3. Truth / C. Correspondence Truth / 3. Correspondence Truth critique
How could you ever know that the presentation is similar to the object? [Sext.Empiricus on Chrysippus]
     Full Idea: One cannot say that the soul grasps the externally existing objects by means of the states of the senses on the basis of the similarity of these states to the externally existing objects. For on what basis will it know the similarity?
     From: comment on Chrysippus (fragments/reports [c.240 BCE]) by Sextus Empiricus - Outlines of Pyrrhonism 2.74
     A reaction: This exactly the main modern reason for rejecting the correspondence theory of truth. You are welcome to affirm a robust view of truth, but supporting it by claiming a correspondence or resemblance is dubious.
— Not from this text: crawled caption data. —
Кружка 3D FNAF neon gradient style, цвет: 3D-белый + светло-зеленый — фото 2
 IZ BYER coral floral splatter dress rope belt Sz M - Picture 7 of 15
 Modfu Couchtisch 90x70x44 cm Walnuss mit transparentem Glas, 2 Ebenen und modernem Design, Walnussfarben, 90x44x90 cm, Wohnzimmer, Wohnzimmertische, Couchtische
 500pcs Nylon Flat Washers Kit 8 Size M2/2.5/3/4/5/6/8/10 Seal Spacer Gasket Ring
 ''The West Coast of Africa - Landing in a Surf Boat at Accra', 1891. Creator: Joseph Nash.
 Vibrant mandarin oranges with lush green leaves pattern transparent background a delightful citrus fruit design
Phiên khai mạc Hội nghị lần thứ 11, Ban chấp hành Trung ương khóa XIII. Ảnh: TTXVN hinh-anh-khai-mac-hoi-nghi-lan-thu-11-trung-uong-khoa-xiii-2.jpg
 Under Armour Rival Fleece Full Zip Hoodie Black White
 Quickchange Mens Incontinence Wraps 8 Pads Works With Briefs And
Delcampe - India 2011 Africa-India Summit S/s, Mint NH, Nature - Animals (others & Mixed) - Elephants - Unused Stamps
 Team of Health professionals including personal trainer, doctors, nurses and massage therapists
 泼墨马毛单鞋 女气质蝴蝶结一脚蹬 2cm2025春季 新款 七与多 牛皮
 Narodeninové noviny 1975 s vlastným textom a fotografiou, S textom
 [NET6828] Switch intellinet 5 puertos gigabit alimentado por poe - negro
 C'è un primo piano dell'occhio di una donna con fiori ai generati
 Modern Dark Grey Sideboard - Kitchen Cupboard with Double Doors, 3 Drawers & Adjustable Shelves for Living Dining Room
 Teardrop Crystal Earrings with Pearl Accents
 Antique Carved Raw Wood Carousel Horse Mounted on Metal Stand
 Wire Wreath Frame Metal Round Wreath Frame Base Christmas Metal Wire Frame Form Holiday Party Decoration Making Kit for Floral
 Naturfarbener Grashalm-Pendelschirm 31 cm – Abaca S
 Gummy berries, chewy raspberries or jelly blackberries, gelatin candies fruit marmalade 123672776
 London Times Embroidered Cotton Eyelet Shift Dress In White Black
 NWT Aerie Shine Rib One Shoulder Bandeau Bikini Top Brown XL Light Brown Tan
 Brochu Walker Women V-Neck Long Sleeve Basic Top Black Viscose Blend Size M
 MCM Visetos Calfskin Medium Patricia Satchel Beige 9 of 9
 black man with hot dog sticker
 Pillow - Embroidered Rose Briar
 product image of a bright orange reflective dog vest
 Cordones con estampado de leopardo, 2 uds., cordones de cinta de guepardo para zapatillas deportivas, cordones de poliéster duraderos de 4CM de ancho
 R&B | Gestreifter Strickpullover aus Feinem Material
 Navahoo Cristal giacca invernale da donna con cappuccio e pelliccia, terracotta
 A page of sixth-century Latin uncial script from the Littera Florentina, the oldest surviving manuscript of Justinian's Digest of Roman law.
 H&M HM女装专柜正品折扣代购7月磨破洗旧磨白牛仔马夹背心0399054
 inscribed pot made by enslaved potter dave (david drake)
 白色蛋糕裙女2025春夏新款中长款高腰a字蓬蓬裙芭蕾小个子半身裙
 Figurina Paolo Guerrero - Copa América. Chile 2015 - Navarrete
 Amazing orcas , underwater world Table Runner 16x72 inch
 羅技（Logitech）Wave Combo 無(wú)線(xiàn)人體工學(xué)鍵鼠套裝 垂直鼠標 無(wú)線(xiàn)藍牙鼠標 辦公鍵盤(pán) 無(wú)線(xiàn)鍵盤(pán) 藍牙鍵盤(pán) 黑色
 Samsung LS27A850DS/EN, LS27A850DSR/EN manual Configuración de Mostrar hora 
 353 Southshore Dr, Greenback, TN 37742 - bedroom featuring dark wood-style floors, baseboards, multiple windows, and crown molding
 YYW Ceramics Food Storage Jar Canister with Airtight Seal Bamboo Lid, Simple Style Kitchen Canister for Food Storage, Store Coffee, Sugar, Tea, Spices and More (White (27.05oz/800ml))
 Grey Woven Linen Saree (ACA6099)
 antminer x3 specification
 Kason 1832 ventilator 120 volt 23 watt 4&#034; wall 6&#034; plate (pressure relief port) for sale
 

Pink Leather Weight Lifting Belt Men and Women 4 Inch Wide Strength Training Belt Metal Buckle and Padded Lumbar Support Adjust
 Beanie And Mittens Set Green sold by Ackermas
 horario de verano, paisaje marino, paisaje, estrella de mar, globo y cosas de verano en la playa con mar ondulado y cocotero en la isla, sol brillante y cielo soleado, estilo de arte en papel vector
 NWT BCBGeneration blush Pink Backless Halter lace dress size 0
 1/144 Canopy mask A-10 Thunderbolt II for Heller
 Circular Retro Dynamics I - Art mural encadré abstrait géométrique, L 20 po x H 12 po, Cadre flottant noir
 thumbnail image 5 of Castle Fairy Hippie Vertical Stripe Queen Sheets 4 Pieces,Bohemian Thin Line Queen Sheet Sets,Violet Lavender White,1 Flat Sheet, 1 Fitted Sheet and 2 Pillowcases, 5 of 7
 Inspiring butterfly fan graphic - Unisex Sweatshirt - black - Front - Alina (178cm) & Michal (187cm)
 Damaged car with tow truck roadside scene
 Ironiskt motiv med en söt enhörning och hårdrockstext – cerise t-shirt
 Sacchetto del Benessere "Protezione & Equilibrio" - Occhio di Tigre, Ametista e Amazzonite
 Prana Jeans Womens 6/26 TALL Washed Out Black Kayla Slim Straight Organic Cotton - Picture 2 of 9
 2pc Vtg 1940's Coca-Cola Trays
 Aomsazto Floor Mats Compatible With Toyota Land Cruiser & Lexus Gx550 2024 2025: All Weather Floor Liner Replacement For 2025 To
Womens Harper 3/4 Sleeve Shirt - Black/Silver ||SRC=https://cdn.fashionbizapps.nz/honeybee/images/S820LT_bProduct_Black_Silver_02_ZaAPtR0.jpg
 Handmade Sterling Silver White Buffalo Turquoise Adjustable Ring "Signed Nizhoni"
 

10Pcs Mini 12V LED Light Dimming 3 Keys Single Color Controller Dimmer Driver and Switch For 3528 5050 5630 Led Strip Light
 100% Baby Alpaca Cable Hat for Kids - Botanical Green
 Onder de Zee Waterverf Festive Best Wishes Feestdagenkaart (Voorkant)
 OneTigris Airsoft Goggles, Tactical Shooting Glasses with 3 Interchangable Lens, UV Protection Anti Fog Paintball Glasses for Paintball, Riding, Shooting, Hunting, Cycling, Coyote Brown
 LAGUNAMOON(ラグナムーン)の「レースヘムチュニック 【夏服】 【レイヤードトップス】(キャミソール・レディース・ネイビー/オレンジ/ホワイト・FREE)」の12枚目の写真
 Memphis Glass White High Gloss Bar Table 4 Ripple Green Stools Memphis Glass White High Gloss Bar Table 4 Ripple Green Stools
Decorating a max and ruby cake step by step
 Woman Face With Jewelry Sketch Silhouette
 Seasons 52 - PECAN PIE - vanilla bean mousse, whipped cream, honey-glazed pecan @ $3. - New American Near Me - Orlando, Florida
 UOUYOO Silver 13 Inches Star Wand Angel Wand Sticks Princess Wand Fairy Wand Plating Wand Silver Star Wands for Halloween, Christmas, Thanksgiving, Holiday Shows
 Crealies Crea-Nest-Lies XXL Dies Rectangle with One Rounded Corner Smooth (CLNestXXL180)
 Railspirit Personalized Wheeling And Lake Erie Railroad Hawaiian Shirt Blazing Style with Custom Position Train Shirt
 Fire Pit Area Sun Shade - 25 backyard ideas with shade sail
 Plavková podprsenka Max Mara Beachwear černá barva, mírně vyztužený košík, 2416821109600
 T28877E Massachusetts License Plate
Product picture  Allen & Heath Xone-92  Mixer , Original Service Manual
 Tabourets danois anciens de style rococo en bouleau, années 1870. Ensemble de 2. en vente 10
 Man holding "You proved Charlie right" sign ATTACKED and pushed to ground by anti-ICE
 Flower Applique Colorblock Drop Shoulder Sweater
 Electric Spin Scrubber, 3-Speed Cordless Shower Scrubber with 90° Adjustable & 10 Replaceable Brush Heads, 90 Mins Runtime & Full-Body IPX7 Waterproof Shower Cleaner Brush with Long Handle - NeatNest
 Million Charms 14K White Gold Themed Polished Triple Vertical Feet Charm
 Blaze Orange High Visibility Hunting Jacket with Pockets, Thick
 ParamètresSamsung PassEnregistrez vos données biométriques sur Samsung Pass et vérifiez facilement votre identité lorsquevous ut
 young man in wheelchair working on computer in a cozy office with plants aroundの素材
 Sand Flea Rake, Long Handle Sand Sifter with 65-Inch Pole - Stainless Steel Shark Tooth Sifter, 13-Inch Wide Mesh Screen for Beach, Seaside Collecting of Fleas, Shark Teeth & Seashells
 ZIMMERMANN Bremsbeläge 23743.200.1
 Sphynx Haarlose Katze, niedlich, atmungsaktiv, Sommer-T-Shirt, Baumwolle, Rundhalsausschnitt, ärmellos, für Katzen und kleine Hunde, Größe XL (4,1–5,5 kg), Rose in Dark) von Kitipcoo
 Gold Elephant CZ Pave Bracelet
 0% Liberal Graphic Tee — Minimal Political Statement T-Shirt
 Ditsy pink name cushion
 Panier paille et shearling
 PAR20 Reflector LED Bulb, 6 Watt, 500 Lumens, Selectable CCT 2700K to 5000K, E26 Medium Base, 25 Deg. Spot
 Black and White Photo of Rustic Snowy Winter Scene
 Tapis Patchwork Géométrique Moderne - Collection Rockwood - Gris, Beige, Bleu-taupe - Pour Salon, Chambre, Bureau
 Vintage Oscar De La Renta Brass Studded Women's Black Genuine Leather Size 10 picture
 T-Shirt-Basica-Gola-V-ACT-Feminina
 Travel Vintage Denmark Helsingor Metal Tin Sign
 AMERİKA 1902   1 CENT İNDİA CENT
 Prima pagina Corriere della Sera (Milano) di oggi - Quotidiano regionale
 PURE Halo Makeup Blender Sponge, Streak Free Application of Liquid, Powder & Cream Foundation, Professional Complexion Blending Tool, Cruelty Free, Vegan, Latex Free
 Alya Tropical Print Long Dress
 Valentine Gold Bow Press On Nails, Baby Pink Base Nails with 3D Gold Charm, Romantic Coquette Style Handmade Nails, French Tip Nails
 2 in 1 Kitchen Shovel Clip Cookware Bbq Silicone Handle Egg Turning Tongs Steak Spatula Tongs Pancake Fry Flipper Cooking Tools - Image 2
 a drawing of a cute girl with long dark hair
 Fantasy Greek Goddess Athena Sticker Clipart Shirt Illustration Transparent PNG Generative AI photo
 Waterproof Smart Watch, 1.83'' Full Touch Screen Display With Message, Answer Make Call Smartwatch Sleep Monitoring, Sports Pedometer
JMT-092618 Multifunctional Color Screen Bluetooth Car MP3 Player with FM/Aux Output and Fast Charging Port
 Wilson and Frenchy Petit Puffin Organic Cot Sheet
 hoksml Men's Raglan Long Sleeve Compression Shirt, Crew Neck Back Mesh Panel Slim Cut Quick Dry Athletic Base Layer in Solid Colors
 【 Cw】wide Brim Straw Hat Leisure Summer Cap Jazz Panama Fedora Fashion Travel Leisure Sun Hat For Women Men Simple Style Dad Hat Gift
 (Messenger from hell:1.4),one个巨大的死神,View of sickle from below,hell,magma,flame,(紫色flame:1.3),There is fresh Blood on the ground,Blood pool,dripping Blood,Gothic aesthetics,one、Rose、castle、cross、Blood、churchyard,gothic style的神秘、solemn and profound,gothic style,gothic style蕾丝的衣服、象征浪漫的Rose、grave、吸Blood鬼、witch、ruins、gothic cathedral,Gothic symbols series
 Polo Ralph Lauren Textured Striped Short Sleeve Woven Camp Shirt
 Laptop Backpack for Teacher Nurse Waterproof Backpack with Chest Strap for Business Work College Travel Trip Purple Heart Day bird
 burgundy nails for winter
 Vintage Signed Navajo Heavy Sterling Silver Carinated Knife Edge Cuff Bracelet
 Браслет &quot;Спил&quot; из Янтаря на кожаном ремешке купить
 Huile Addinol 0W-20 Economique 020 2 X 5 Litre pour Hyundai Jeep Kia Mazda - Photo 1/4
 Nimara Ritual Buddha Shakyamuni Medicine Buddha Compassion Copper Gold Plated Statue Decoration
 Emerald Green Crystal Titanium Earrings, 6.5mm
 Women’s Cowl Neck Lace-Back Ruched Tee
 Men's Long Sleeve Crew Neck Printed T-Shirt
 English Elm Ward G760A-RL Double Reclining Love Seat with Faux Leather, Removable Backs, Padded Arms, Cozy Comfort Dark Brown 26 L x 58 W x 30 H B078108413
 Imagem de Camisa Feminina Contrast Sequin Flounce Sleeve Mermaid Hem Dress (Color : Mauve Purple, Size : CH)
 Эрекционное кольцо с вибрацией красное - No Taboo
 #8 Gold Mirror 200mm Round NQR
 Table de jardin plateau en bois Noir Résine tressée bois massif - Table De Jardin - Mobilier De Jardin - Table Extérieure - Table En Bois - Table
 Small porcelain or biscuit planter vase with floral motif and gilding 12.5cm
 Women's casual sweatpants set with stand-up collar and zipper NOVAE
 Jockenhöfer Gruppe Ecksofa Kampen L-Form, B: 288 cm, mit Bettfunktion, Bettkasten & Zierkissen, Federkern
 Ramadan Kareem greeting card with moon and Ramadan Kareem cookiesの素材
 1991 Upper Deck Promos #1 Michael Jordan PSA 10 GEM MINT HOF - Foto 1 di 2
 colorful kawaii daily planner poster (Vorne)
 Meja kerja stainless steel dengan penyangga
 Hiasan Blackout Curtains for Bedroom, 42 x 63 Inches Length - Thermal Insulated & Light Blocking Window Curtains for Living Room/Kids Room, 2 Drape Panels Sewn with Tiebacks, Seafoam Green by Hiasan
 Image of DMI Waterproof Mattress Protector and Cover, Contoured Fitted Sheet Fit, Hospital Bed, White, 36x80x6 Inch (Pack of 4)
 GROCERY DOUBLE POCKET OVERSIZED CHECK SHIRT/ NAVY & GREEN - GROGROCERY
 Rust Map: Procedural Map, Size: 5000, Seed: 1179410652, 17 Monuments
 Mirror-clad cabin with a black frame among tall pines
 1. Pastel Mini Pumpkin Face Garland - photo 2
3. Truth / D. Coherence Truth / 1. Coherence Truth
Judgements can't be true and known in isolation; the only surety is in connections and relations [Nietzsche]
     Full Idea: An isolated judgement is never 'true', never knowledge; only in connection and relation of many judgements is there any surety.
     From: Friedrich Nietzsche (The Will to Power (notebooks) [1888], §530)
     A reaction: It actually seems impossible to state an isolated judgement in language without having a mass of presuppositions and beliefs to support it. I don't think the full holistic thesis about language follows, however.